Establishment historians characterize National Socialist Germany as a uniquely barbaric, vile and criminal regime that was totally responsible for starting World War II and carrying out some of the most heinous war crimes in world history. Germany’s War by John Wear refutes this characterization of Germany, bringing history into accord with the facts.
Germany’s War documents that the Allied leaders of the Soviet Union, Great Britain and the United States were primarily responsible for starting and prolonging World War II—costing million of lives. Far from being the conqueror of Europe, Adolf Hitler saved it from Stalin.
The leaders of Great Britain and America also adopted policies designed to force war with Germany. Britain’s unconditional guarantee to Poland led to horrific acts of violence against Poland’s ethnic Germans and, thus, Germany was forced to invade Poland to end these atrocities.
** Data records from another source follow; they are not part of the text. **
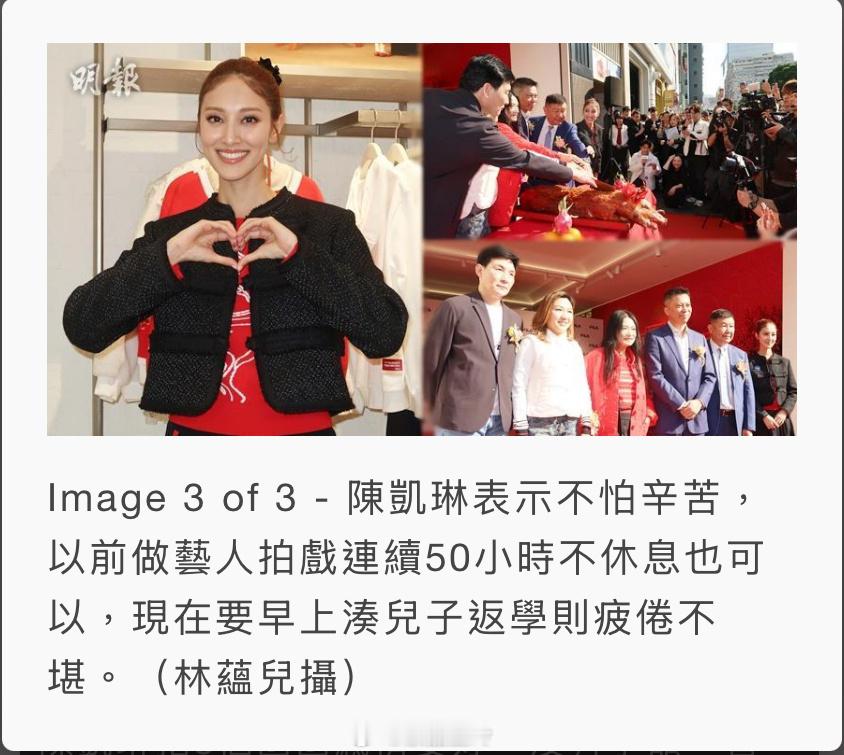 【明報即時】陳凱琳重登Ig廣告KOL排行榜第一位 讚3個仔感情佳冇爭寵 陳凱琳指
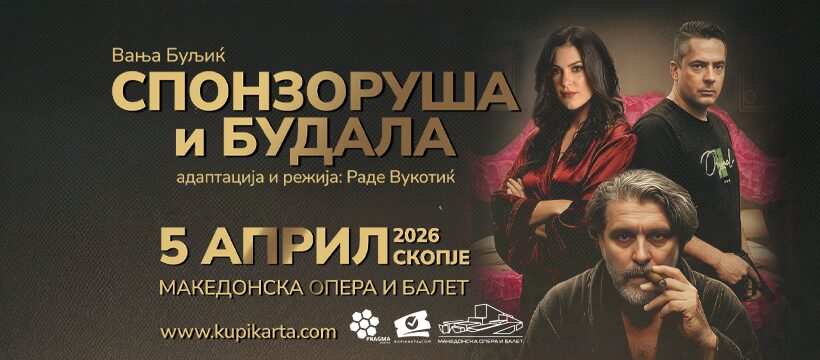 Хит претставата „Спонзоруша и будала”на 5 април во Скопје - Љубов, пари и моќ на сцена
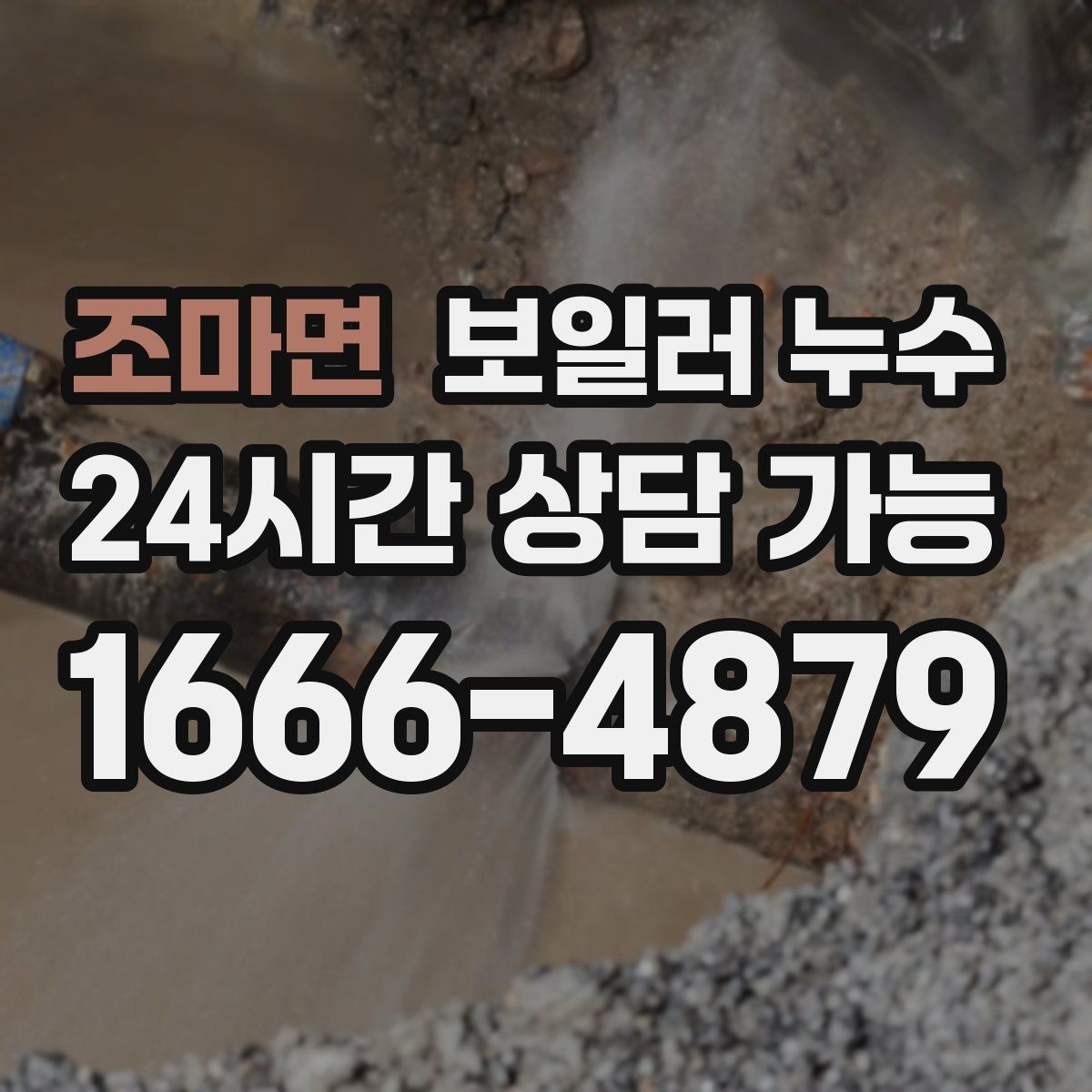 조마면 보일러 누수 마루 틈새에서 냄새가 올라올 때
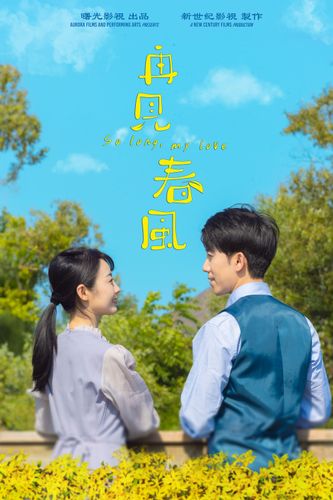 《再見春風》海報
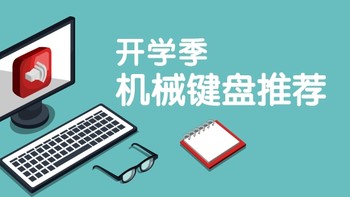 数码选购指南 篇一：开学季，如何挑选一款适合你的机械键盘？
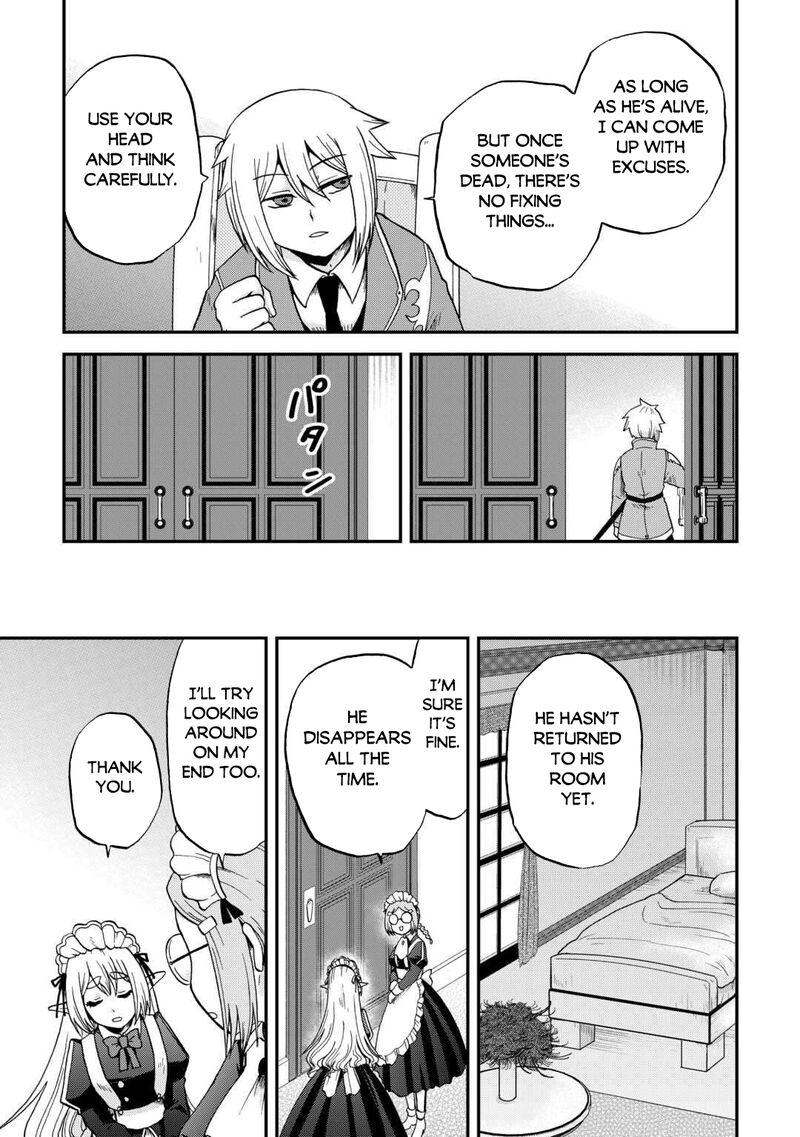 Zense Wa Kentei Konjou Kuzu Ouji Chapter 51 Page 14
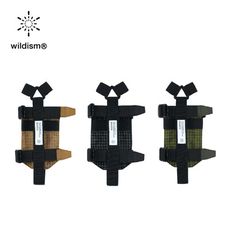 【wildism】2-Way Bottle Holder 可調雙面水瓶袋 (悠遊戶外)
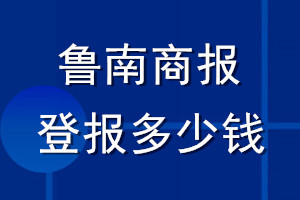 魯南商報登報多少錢_魯南商報登報掛失費(fèi)用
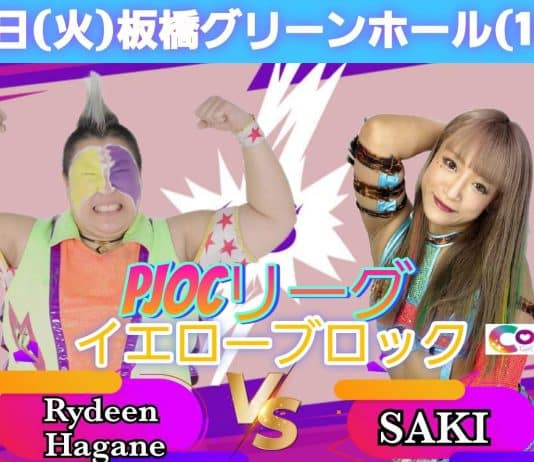 Pure J In Tokyo Results – March 5, 2024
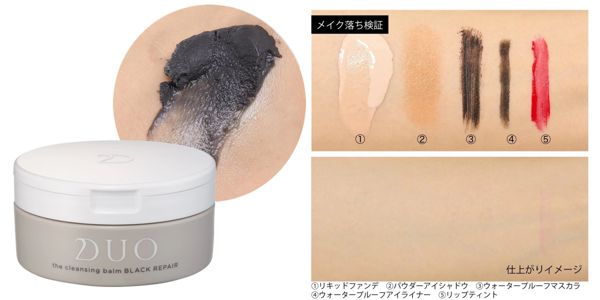 【2023年最新版】クレンジングバームってどれがいいの?おすすめ人気20選を徹底レビュー!の画像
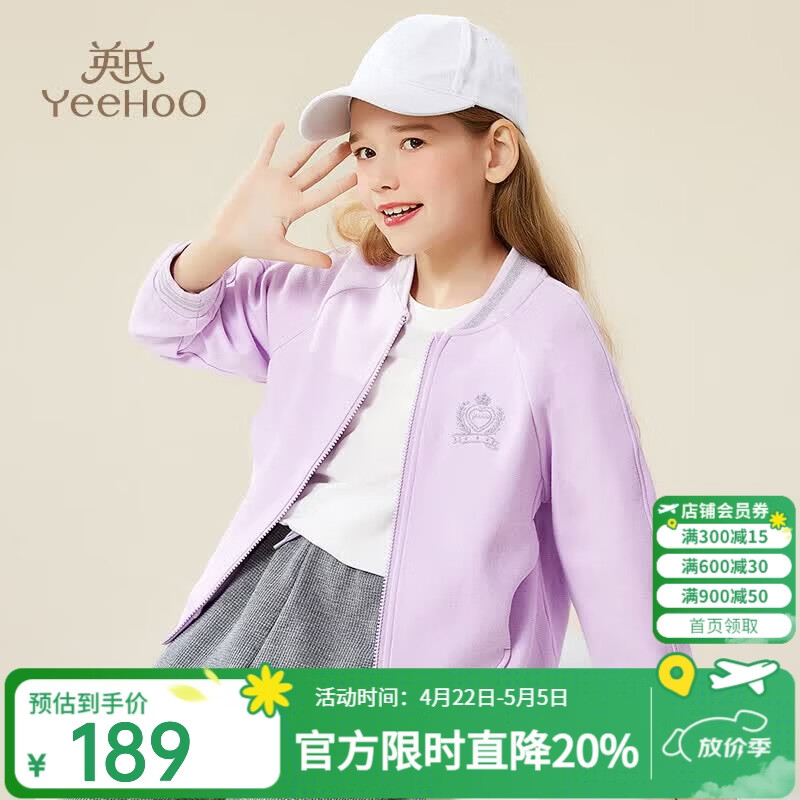 英氏（YEEHOO）女童外套儿童棒球服春装学院风时尚中大童休闲女孩上衣春春季新款 字母徽章 紫色 150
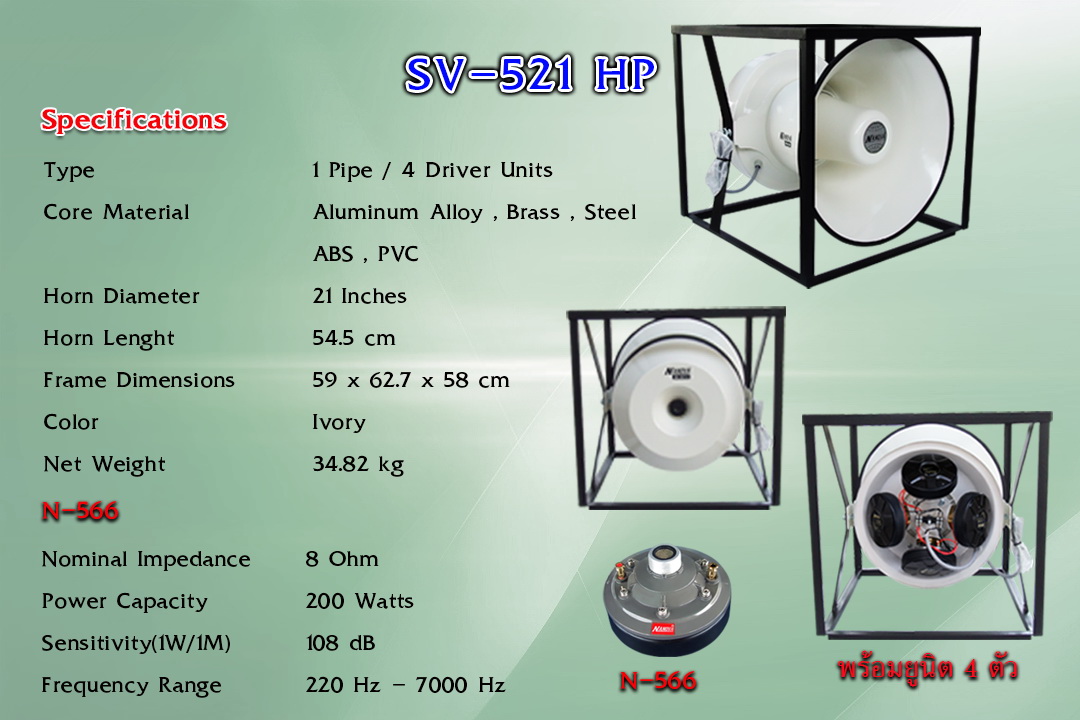 nanovaspeaker_com_0135_1_4_img1_2909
Franklin Roosevelt’s numerous provocations, including a shoot-on-sight policy against German shipping and leaked plans of a U.S. invasion of Germany, forced Germany to declare war on the U.S. despite Hitler’s desire for peace.
This book also reports the Allied mass murder of the German people after the end of World War II during which the Allies—led by General Dwight D. Eisenhower—murdered approximately 1.5 million German prisoners of war through intentional starvation and exposure to the elements. Probably a minimum 2.1 million ethnic Germans expelled from their homes also died in what was supposed to be an “orderly and humane” relocation. Finally, the Allies murdered millions of additional Germans through intentional starvation after the war ended—plus much, much more.
Deluxe softcover, 521 pages, illustrated, 350+ bibliographical entries, 1,000+ index entries, 1,000+ footnotes
FROM THE INTRODUCTION
By John Wear
My father was a pilot in 50 bombing missions for the U.S. Eighth Air Force during World War II. When I was a boy I asked him if he had killed anyone during the war. He replied, “I hope I didn’t kill anyone.” In regard to his participation in the Normandy invasion, he said: “You cannot imagine how big of an operation that was. People on the ground were being killed!” My father repeatedly stated he hated war and that “War is hell.” He also expressed his opinion that the Germans had fought extraordinarily hard during the war.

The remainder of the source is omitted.